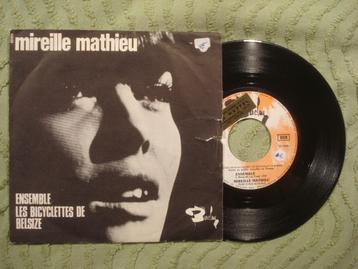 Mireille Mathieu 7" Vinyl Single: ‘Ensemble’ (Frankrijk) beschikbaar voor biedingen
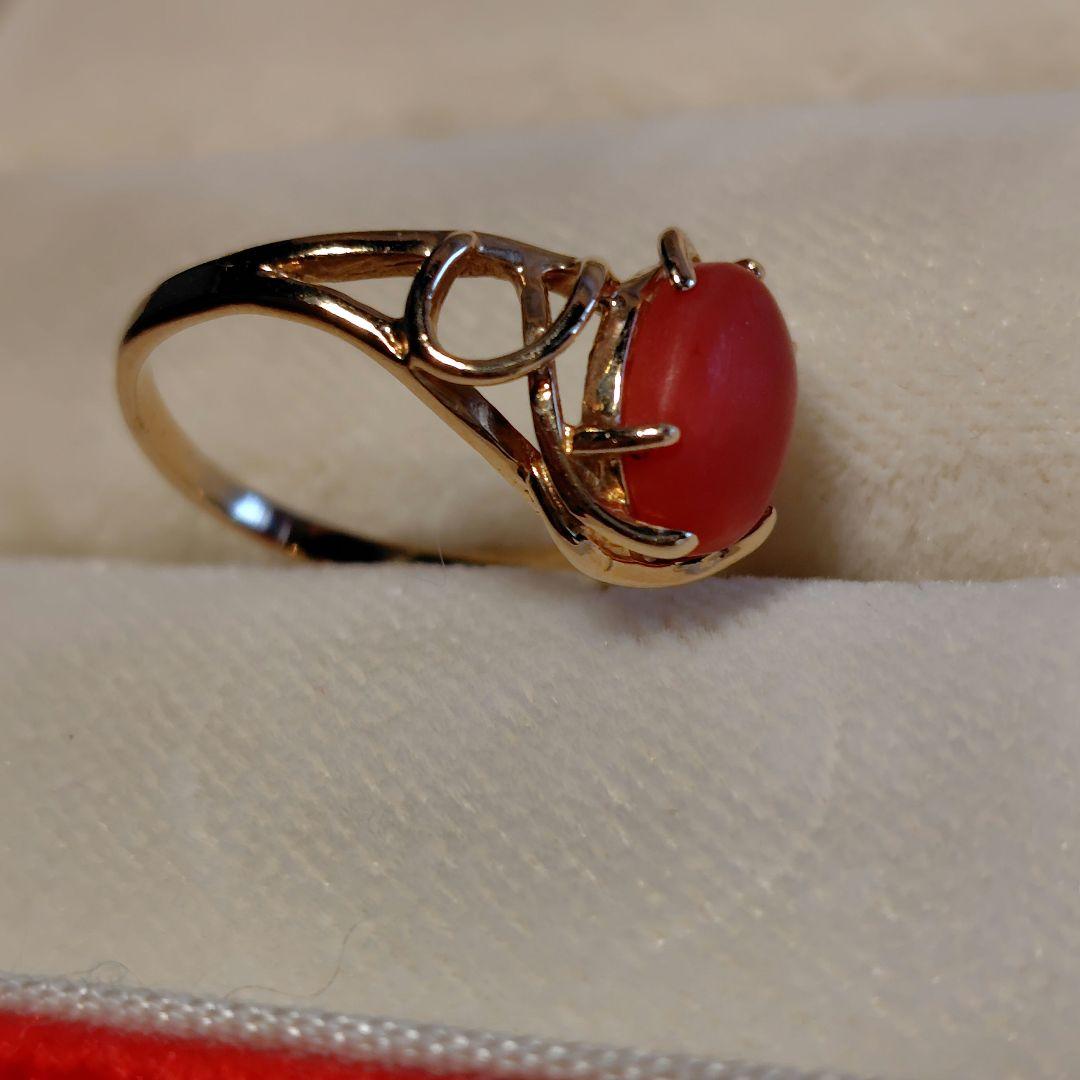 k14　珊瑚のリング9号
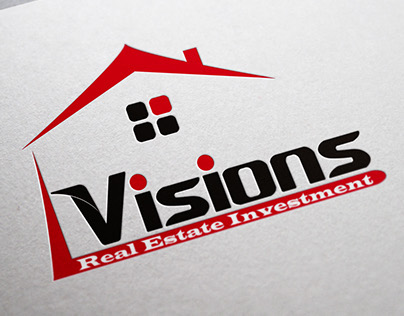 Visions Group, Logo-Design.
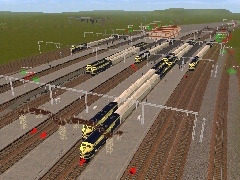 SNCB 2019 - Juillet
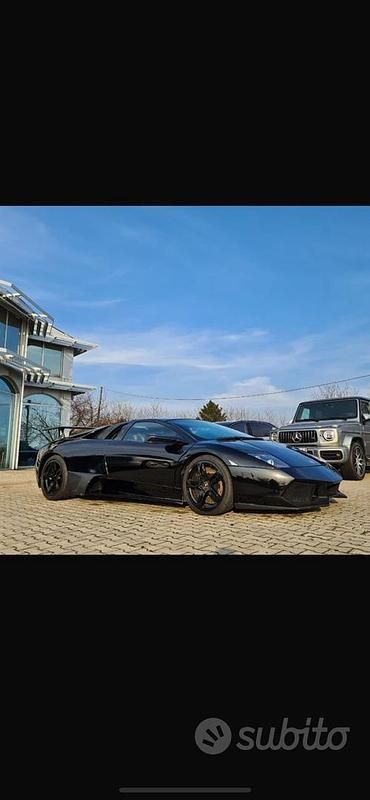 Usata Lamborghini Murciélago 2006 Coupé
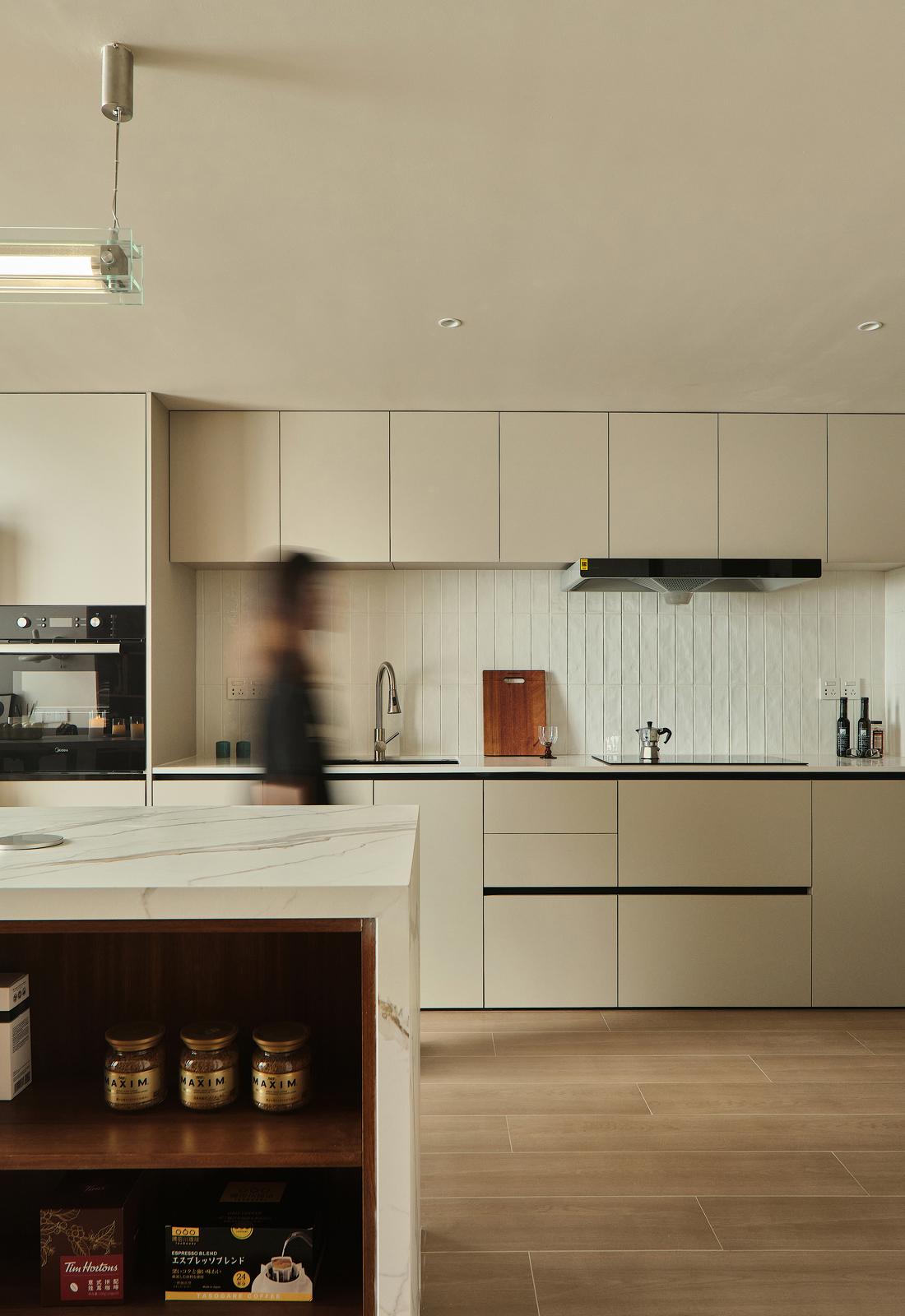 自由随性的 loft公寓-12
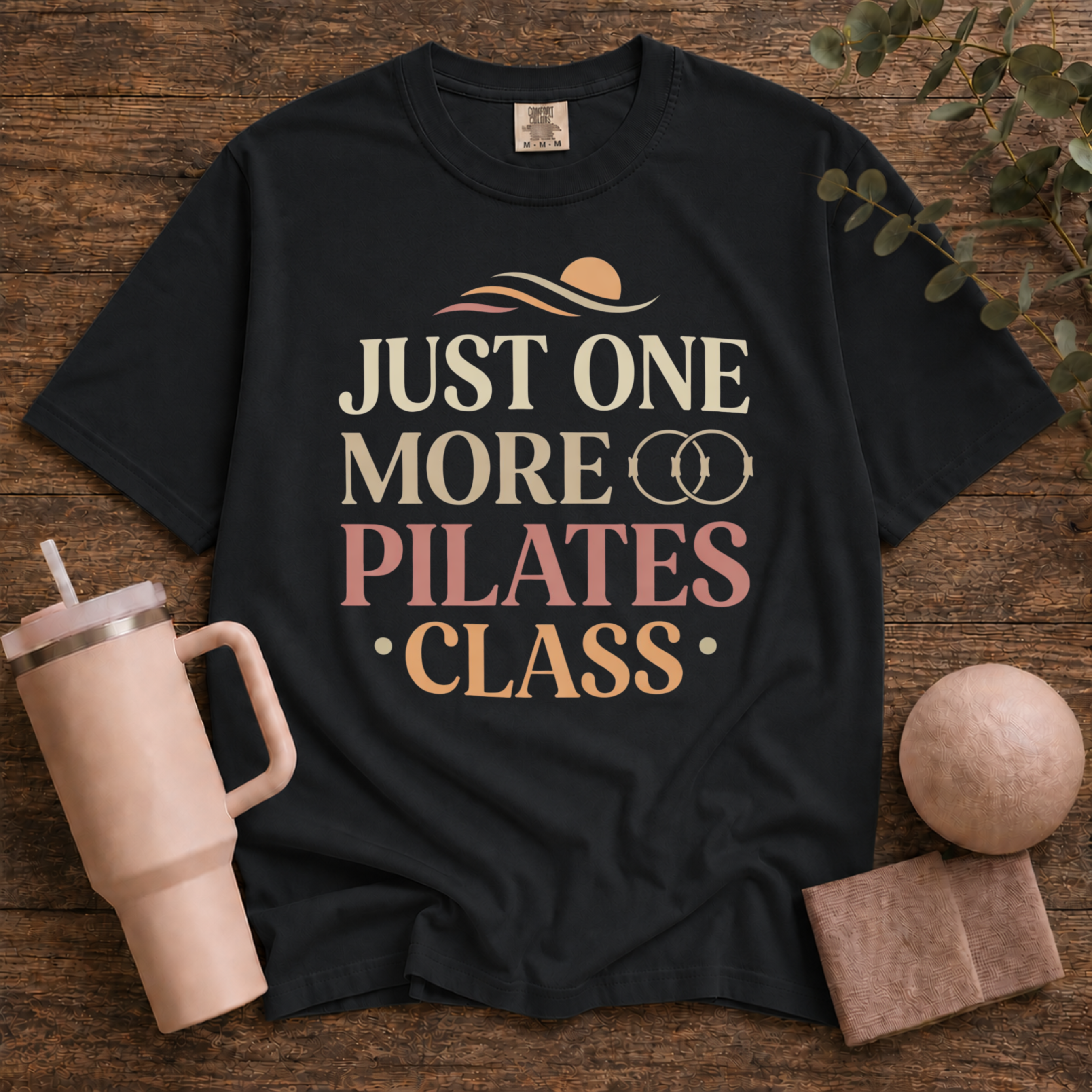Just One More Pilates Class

======

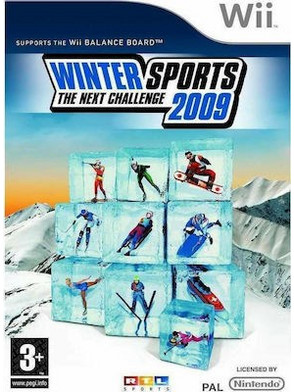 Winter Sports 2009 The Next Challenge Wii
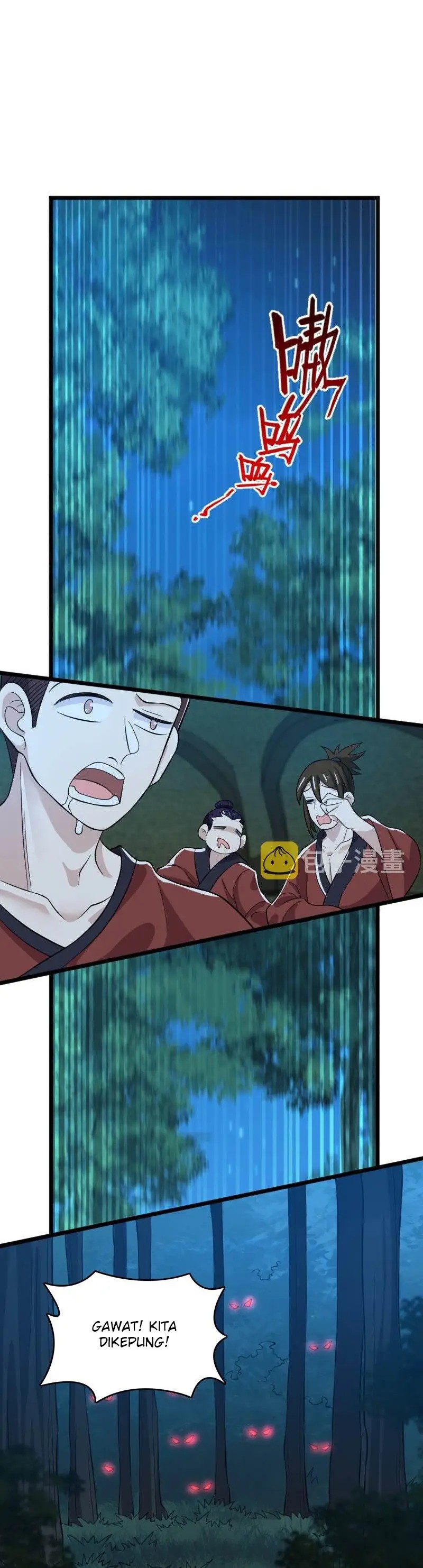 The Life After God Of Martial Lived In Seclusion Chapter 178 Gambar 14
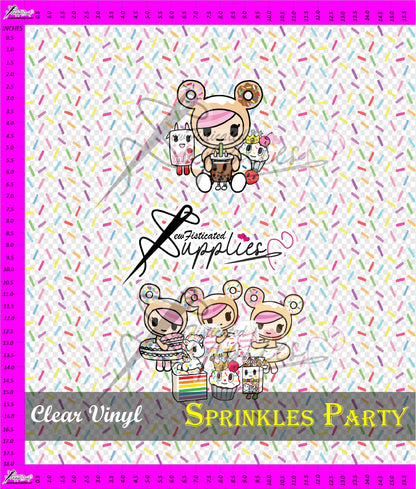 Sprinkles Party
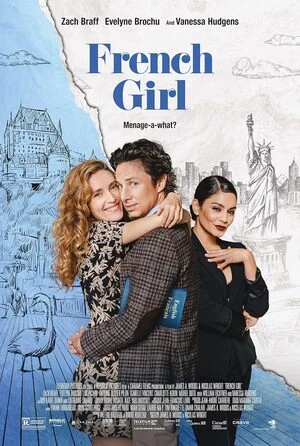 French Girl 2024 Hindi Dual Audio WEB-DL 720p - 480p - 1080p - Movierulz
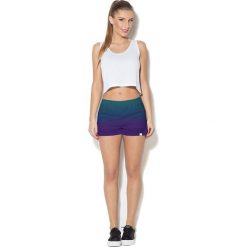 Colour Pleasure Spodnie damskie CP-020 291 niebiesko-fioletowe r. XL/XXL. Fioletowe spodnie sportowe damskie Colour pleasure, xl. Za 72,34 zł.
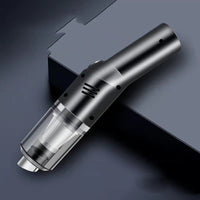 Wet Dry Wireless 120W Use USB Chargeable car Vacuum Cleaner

======

• WHAT TO PRODUCE
Using the data above, copy exactly the lines from the one containing "k14　珊瑚のリング9号" to the one containing "Just One More Pilates Class", inclusive. Exclude the pictures.

• RESULT OF THIS EXERCISE
 k14　珊瑚のリング9号
 Visions Group, Logo-Design.
 SNCB 2019 - Juillet
 Usata Lamborghini Murciélago 2006 Coupé
 自由随性的 loft公寓-12
Just One More Pilates Class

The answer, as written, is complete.